Data extracted from a collection:

▼

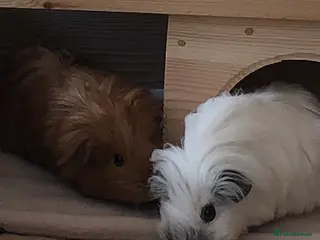 Guinea Pig rodents 2 lovely sows - Advert 6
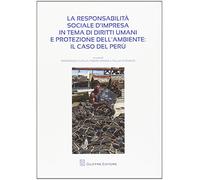 La responsabilità sociale d'impresa in tema di diritti umani e protezione dell'ambiente. Il caso del Perù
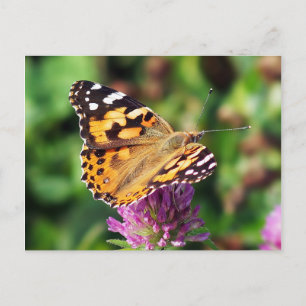Färgat Dam Butterfly-vykort Vykort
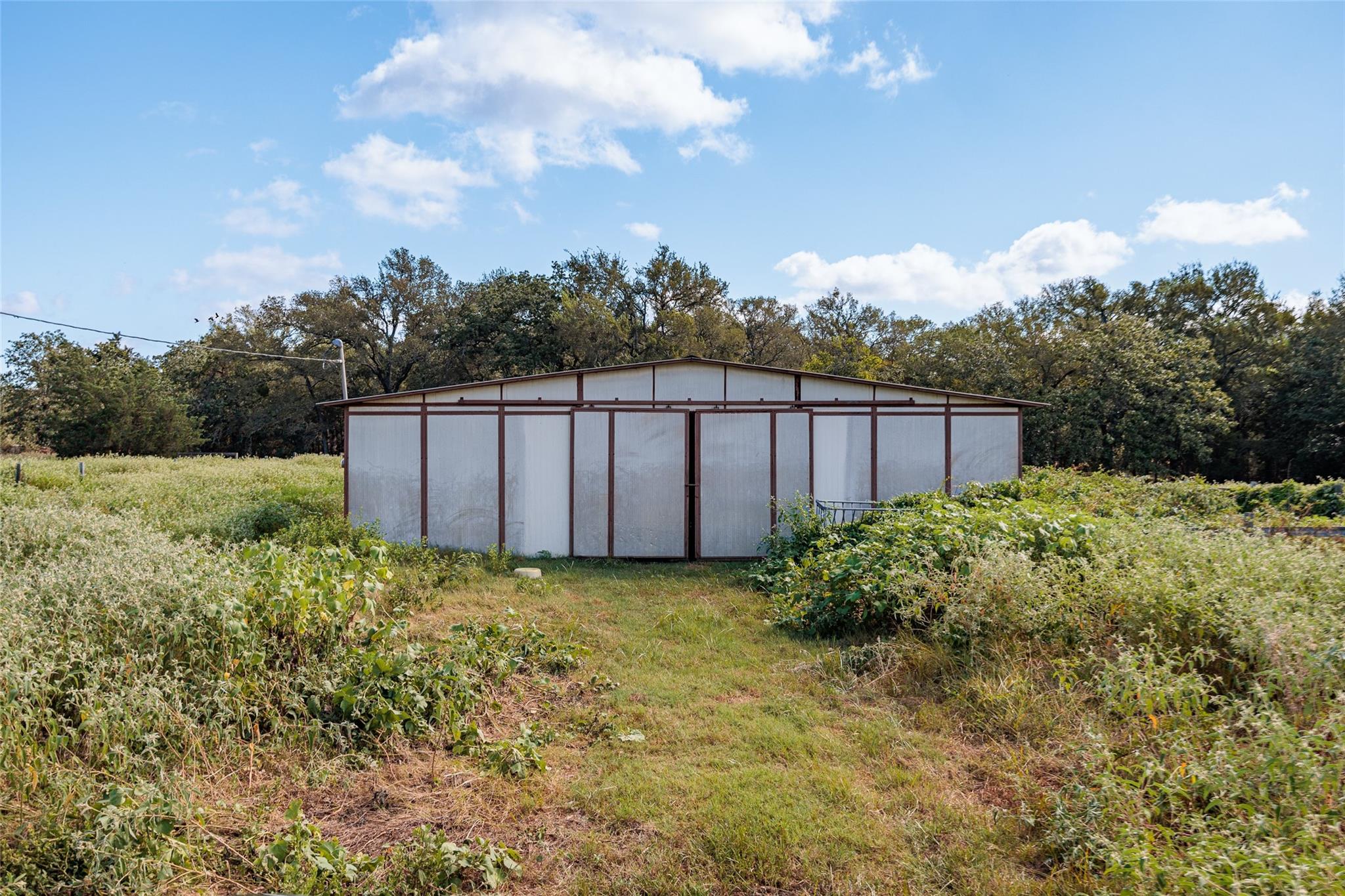 161 County Road 441
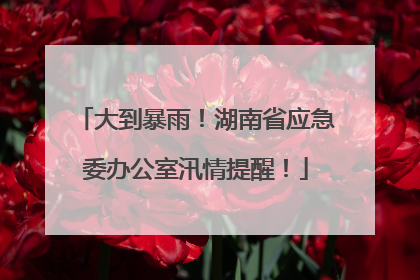 大到暴雨！湖南省应急委办公室汛情提醒！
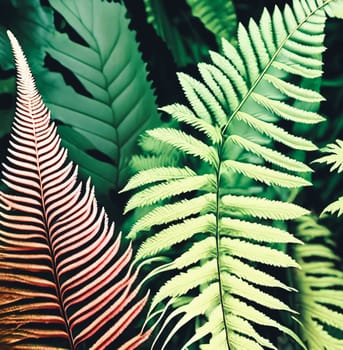 Elegance of nature. lush green botanical backdrop filled with different types of ferns, leaves, and foliage. Panorama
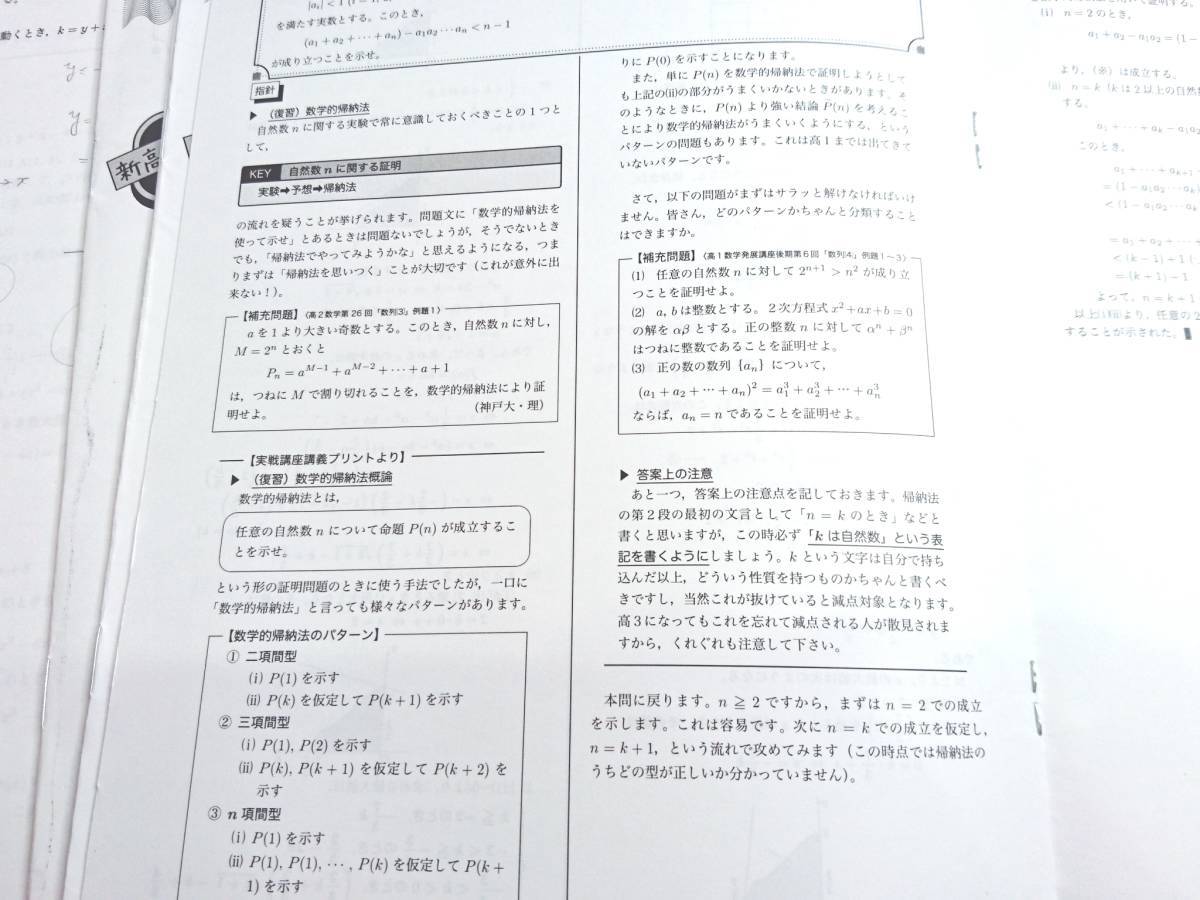 鉄緑会　李先生　新高3数学春期内部B　テキスト・冊子・プリントフルセット　数学ⅠAⅡB　駿台　河合塾 SEG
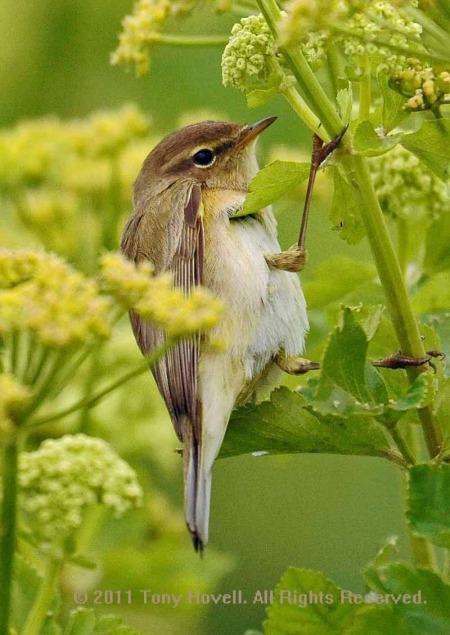 willow warbler  2.jpg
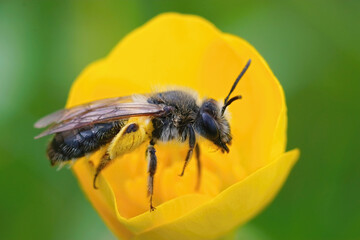 Closeup on a cute female mining bee, Andrena in a yellow buttercup flower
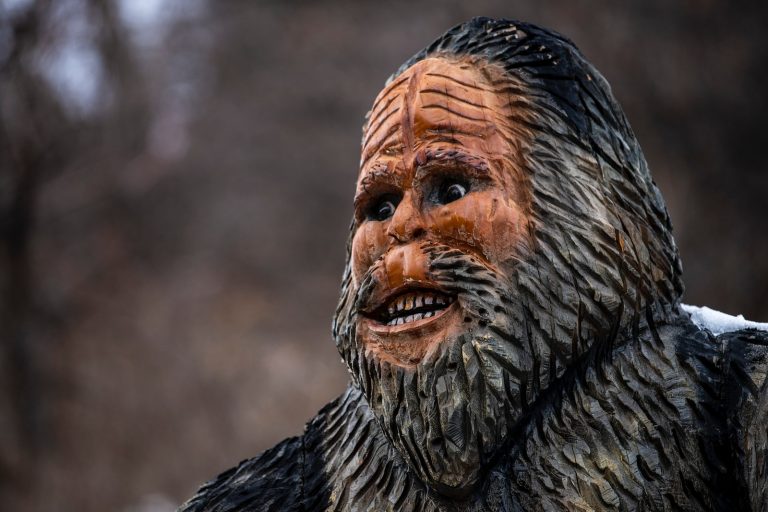 a close up of a statue of a man with a beard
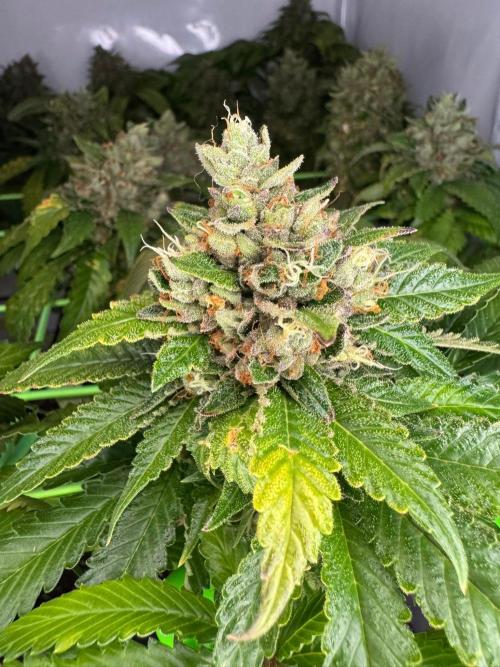 The Tropical Ice Cream One. Week 14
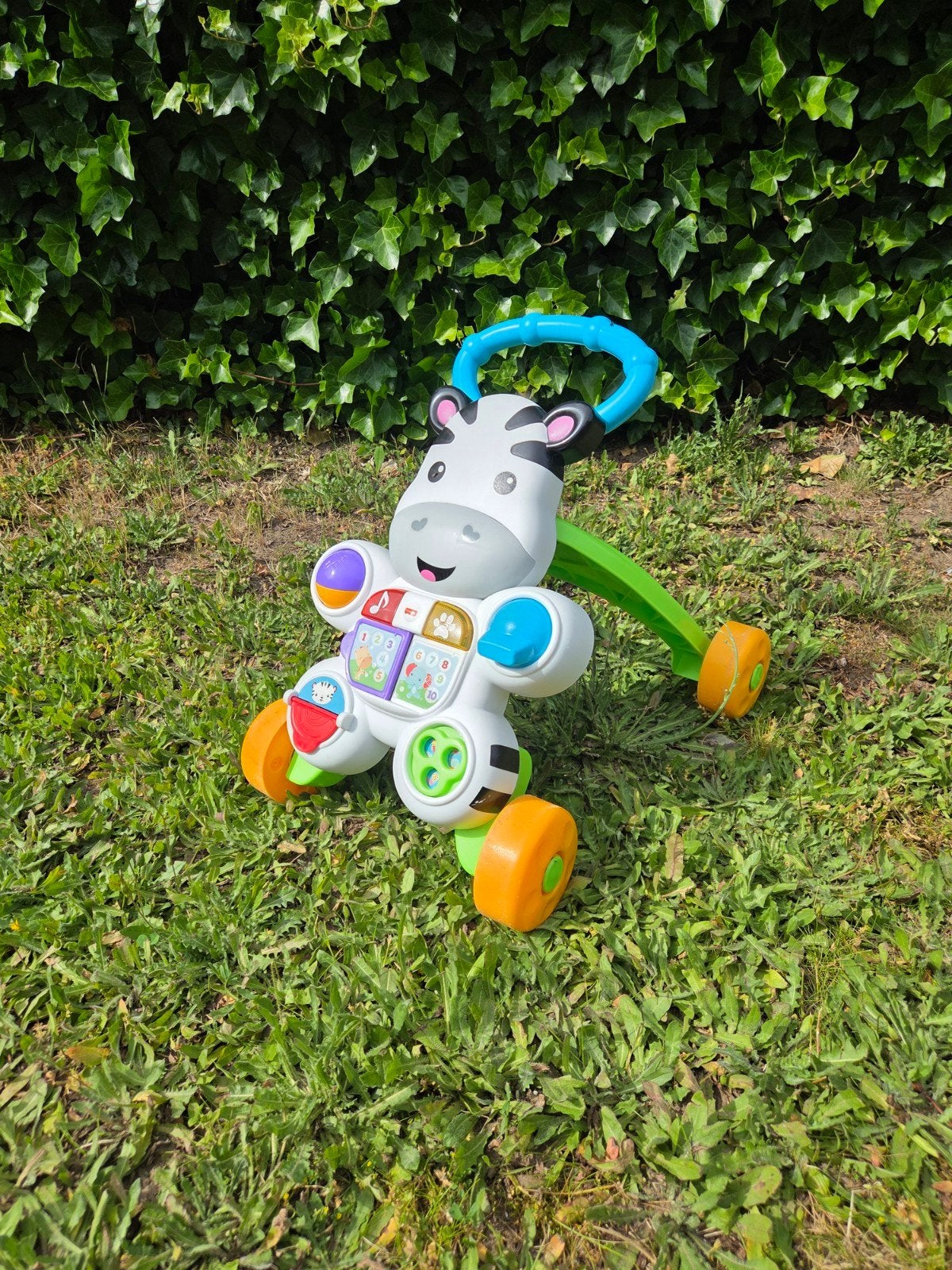Fisher-Price Zebra Loopwagen - Duits gesproken, Ophalen, Gebruikt, Overige typen, Met licht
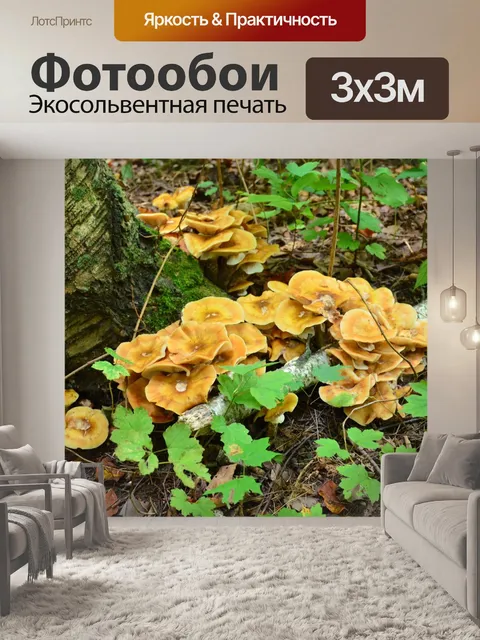Фотообои Грибы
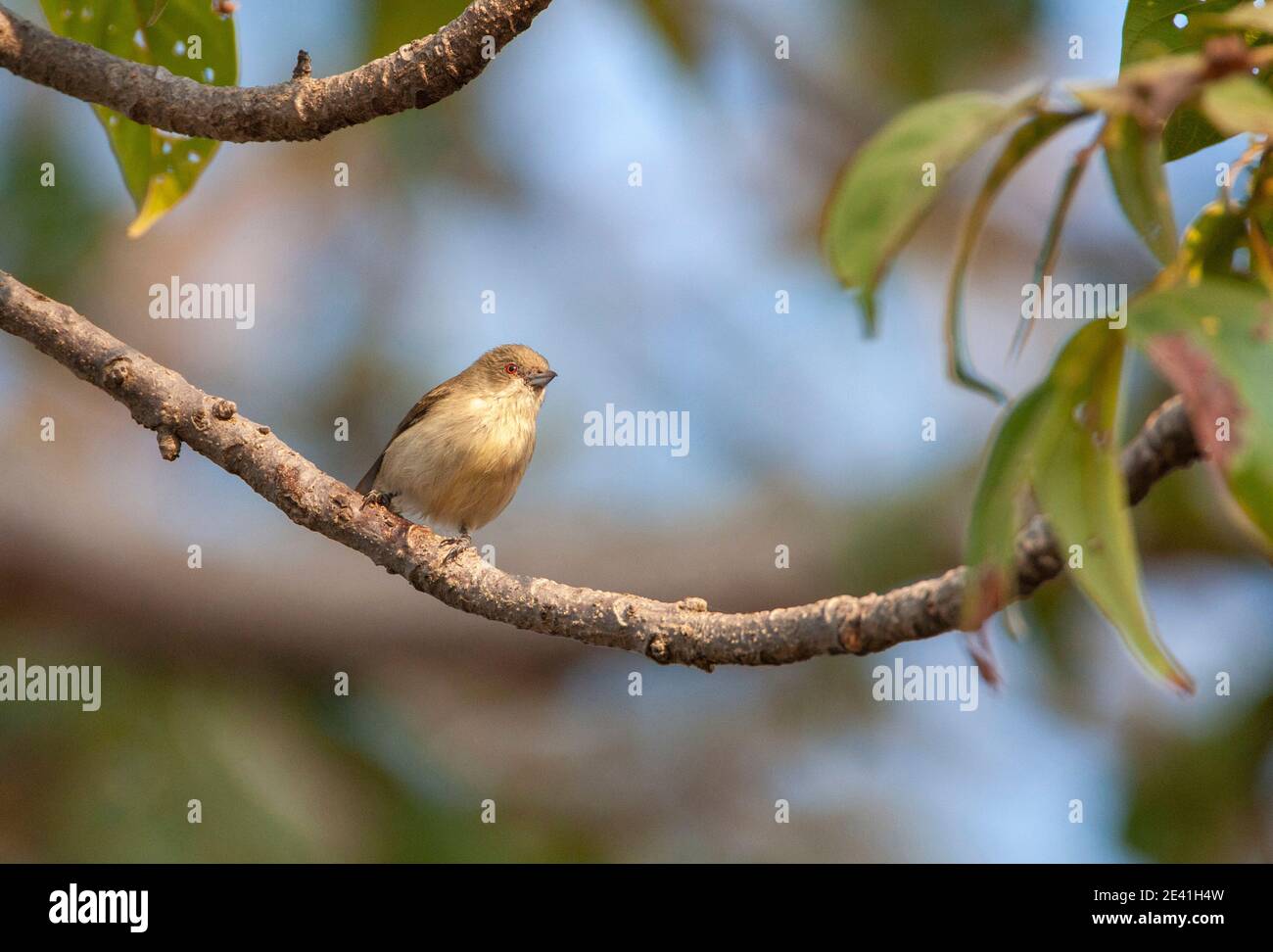 Dickschnabelspecht (Dicaeum agile, Piprisoma squalidum), thront auf einem Zweig, Indien, Madhya Pradesh, Bandhavgarh National Park Stockfoto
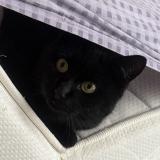 Photo de chat perdu à Canisy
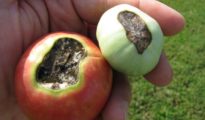 What is Blossom End Rot & How to Control It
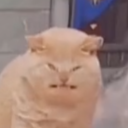 author-orchids avatar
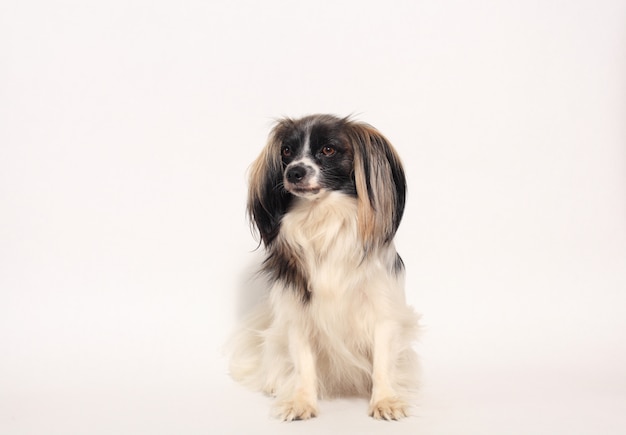 Papillon chien gros plan portrait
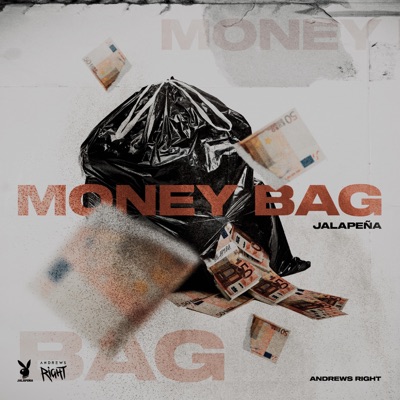 Money Bag - Single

▲

§ **WORK ORDER**
Take the line containing "Closeup on a" as the first line and the last line of the data above as the final one, and output exactly the lines between them, inclusive, with no pictures.

§ **ANSWER TO THIS TASK**
 Closeup on a cute female mining bee, Andrena in a yellow buttercup flower
 a close up of a statue of a man with a beard
 The Tropical Ice Cream One. Week 14
Fisher-Price Zebra Loopwagen - Duits gesproken, Ophalen, Gebruikt, Overige typen, Met licht
Фотообои Грибы
 Dickschnabelspecht (Dicaeum agile, Piprisoma squalidum), thront auf einem Zweig, Indien, Madhya Pradesh, Bandhavgarh National Park Stockfoto
 Photo de chat perdu à Canisy
 What is Blossom End Rot & How to Control It
 author-orchids avatar
 Papillon chien gros plan portrait
 Money Bag - Single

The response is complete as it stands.